Friday 5thJuly saw the Bureau of Labor Statistics release job figure data that was better than consensus projections. The US economy added 224,000 jobs in the month of June whilst a poll run by the Dow Jones in the run up to Friday’s announcement revealed that economists had thought the number of extra jobs would be only 165,000. This miscalculation came after the number of new jobs in May was notably soft, totalling only 72,000 in that month.
With the non-farms payroll data released prior to the opening of the US stock markets – at 08:30 CET, on the first Friday of every month – the US stock markets had some time to consider the data before trading began. What was apparently ‘good news’ in terms of increased jobs, actually brought about a slide in equity markets. The Nasdaq index opened trading down about 0.5% and its intraday low was 0.93% off the close on 3rdJuly before the US national holiday.
Prices rallied in the run-up to the close. Some might argue that the ‘closing of the gap’ actually opens the way to extra downward price action next week. Looking at two charts based on different time horizons illustrates that significant resistance levels are in play.
The daily candlestick chart for the last year gives signs of a double top forming:
The three year chart with weekly candles reconfirms the resistance at this level – price had previously fallen away in September 2018 and May 2019. Does the hammer style weekly candle point towards this being the moment for markets to push on?
It’s going to be interesting seeing what does happen once analysts have considered whether the underlying strength of the economy justifies higher equity prices. Should the hardening of Fed interest rate policy happen, will mean the bull-run comes to an end?
Chief Economist at Allianz, Mohamed El-Erian, saw a way for both fundamental strength and Fed policy to combine and support equity prices. El-Erian said on Friday:
“The economy is not in trouble. Today’s employment report is actually very good news for the economy, and it’s good news long term for the markets.”
“I think you’re going to get a 25-basis-point cut this month… I think putting it as an ‘insurance rate cut’ is the right way.”
The 50 basis points cut in US interest rates, which some had forecast for July, was according to El-Erian the market base just getting“carried away”.
Those cross-referencing to other analysts will find analysts at TD Securities stating that:
“We continue to believe the Fed will deliver a 25bp cut in July as global growth fears remain present.”
“We look for 75bp of Fed eases in 2019, followed by a further 75bp of cuts in 2020.”

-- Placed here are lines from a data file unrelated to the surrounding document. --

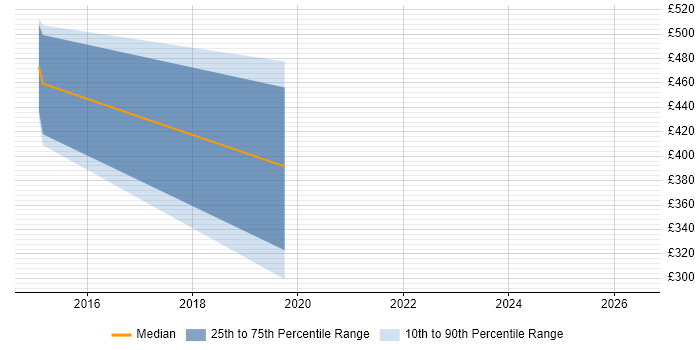 Contractor daily rate distribution trend for jobs in Chester citing Debian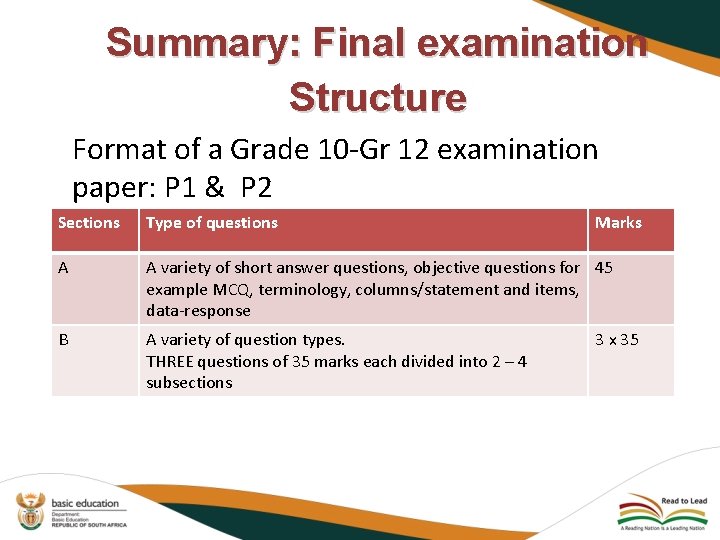 Summary: Final examination Structure Format of a Grade 10 -Gr 12 examination paper: P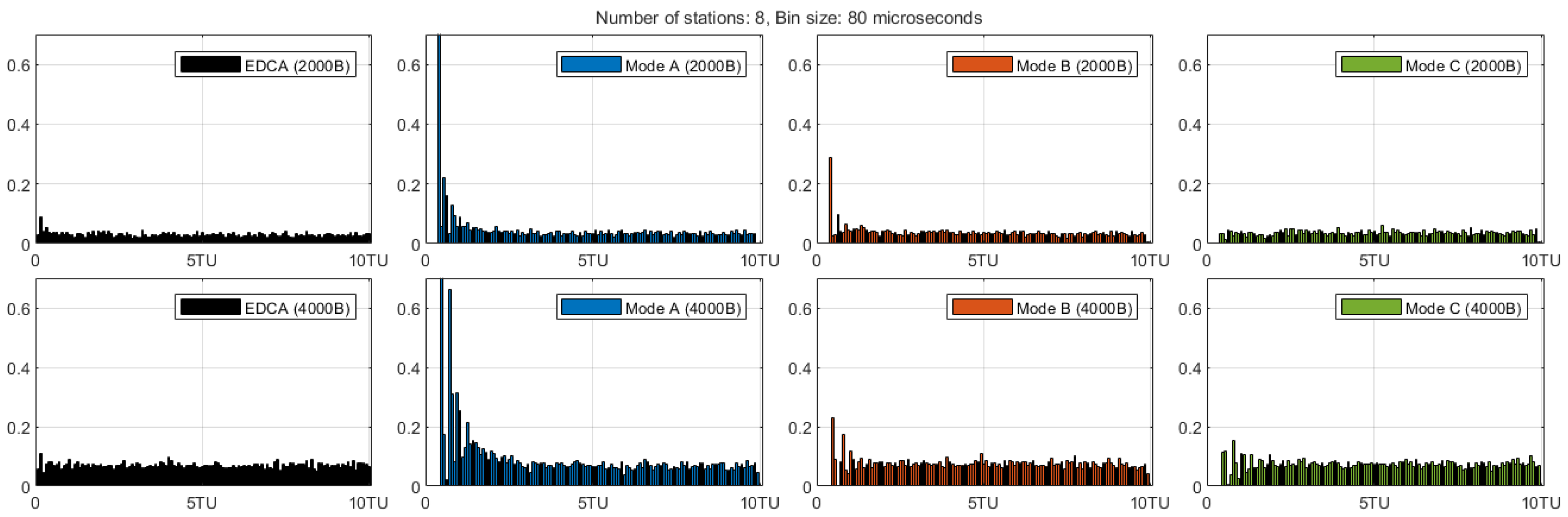 Sensors 25 05660 g012 Sensors 25 05660 g012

With the presidential elections looming, it’s unsurprising that comment from the White House calls for the Fed to take a relaxed approach to policy. Speaking with Bloomberg TV on Friday 5thJuly, Larry Kudlow, president Donald Trump’s top economic adviser, said:
“They should take back the interest rate hike… With a weak global economy, taking out an insurance policy is not a bad thing.”
Prior to the release of the non-farm payroll numbers, analysts had been showing concern for the health of the US economy. The stronger job numbers led some to instead turn to weaker global performance as a justification of further interest rate cuts.
There are some company announcements this week that could offer some indication of consumer health. PepsiCo, always a good barometer of consumer appetite, is the largest US firm releasing data this week and its figures are due on Tuesday 9th.
The next meeting for the Federal Open Market Committee is scheduled for 30thand 31stJuly with the report released on Friday 2ndJuly. Prior to that date there will be signs given to indicate the Fed’s next move. Analysts from ING, in their review of the 5thJuly jobs data, offered a reminder that:
“Federal Reserve Chair Jerome Powell testifies to Congress next week and looks set to validate market expectations of precautionary interest rate cuts to head off the threat of a downturn. He may repeat yet again his view that ‘an ounce of prevention is worth more than a pound of cure’.”
The ING forecast for the rest of 2H of 2019:
“President Trump will be well aware that pushing too hard for too long on trade risks a weaker economy and plunging asset markets, which would undoubtedly hurt his re-election chances. As such, we would expect him to strike a deal around the turn of the year.”
Straight after the non-farm payroll announcement, the equity markets approached fundamental economic strength and relaxed interest rate policy as being mutually exclusive. They then rebounded from an intra-day drop of approximately 1%, partly on the realisation that being an election year, there may be pressure applied so that both factors to work in tandem. With markets already extended, it will be interesting to see whether there is enough momentum to push through the significant Resistance levels that exist at these levels.
The non-farms payroll report (NFP) is the monthly release of data on the 80% of the US workforce employed in manufacturing, construction and goods.
As the name suggests, it does not include those who work on farms, and also excludes private households, non-profit workers and government employees.